Trump’s flawed strategy on how to deal with the WTO
Rather than seek to undermine the World Trade Organisation, the American leader should look for ways to strengthen it
China is not the only target of US President Donald Trump’s protectionism; he also has the World Trade Organisation in his sights.
To the American leader, the two are intrinsically linked, the latter to blame for the benefits he perceives as having been unfairly given to the former. But his thinking ignores the advantages of a globalised trading system, with rules for fair play and mechanisms for dispute resolution.
Shunning the established order and taking unilateral action by imposing tariffs neglects the reality that Beijing will respond in kind and if there is a trade war, neither country will win.

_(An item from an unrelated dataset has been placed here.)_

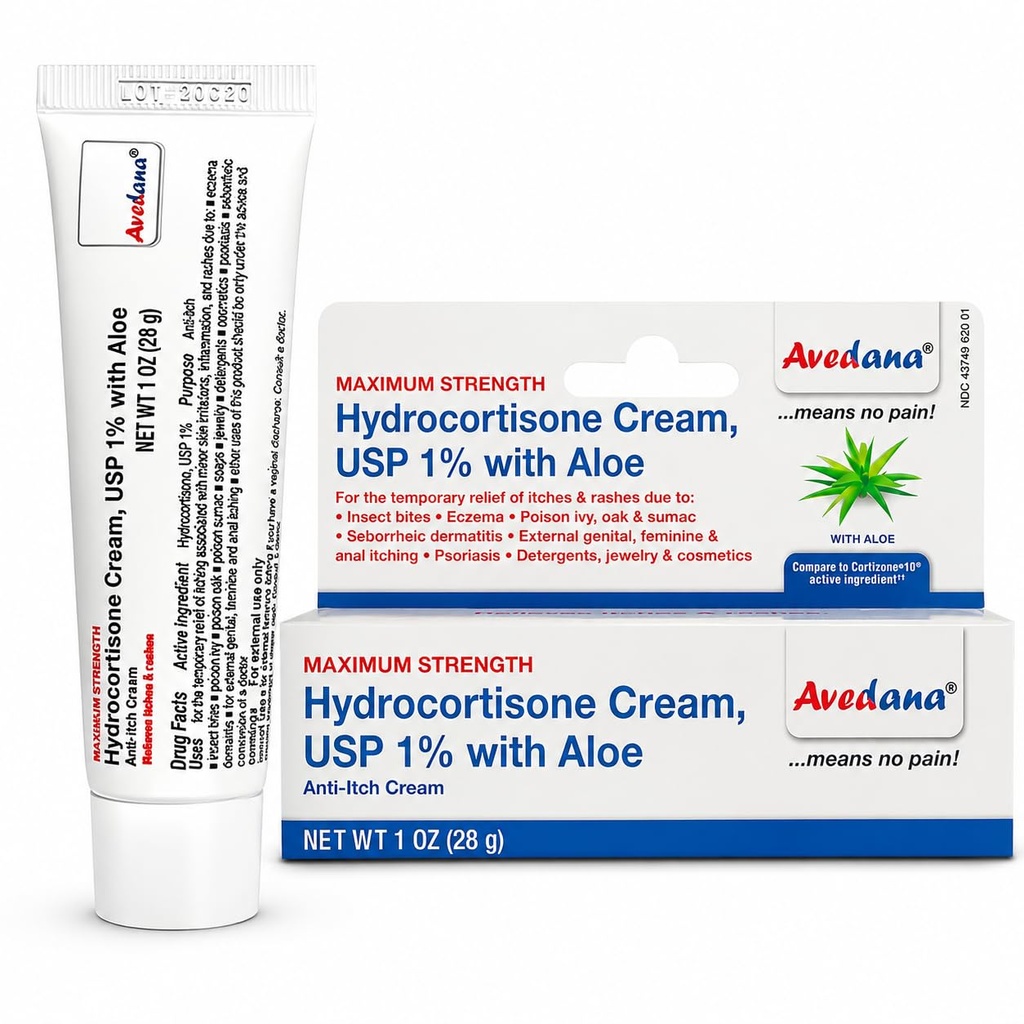 קרם הידרוקורטיזון - 1 Ounce Eczema Cream with Aloe Vera - Premium Anti Itch Cream תוספת כוח - אידיאלי עבור רש"י, Itchiness, Insect Bites, Dermatitis, Detergents, תכשיטים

Trump’s views were clearly on show in a social media posting last week that took aim at the WTO for treating China, which he referred to as “a great economic power”, as a developing nation. “They therefore get tremendous perks and advantages, especially over the US,” he tweeted. “Does anyone think this is fair?”

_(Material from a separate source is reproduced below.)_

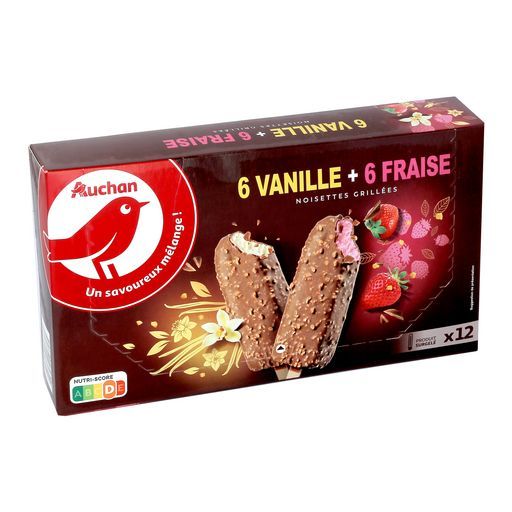 Batonnets glaces vanille-fraise auchan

His line towards both has been consistent since before he took the presidency 15 months ago, but rather than use the organisation’s mechanisms to work for a solution, he has turned to rhetoric, protectionism and a policy of obstruction.
There are growing fears that he intends to go further, tearing apart the rules that have fared the world so well. President Xi Jinping defended globalisation and open markets in his keynote speech at the Boao Forum for Asia and the Chinese ambassador to the WTO last month called on members of the organisation to defend it from being wrecked by the US.
Trump has not gone to the extremes expressed on the campaign trail of 45 per cent across-the-board penalties on Chinese trade and withdrawal from the WTO, but he still adheres to the mercantile approach of exports being good and imports bad.
The result has been volleys of criticism, violation of rules and most damaging, blocking the appointment of judges to the WTO’s appeals court.
There is no more powerful instrument in the WTO, judges being able to pass rulings on trade disputes between countries. The moves mean that by the end of this year, the court, which should have seven judges, will be left with a bare minimum of three.
But Washington has not fully disengaged, having on March 14 launched a WTO challenge against India on export subsidies.
The US is not wholly wrong in its criticism of the WTO; as the body’s own officials admit, it is in dire need of reform. How that is to be achieved given that most of the world’s countries are members and they work through consensus will be challenging.
But to claim in its 23 years of existence it has failed the world is flawed thinking; as China has proved, it has lifted hundreds of millions around the world from poverty and steered global development and prosperity. Instead of weakening it, Trump should help make it work better.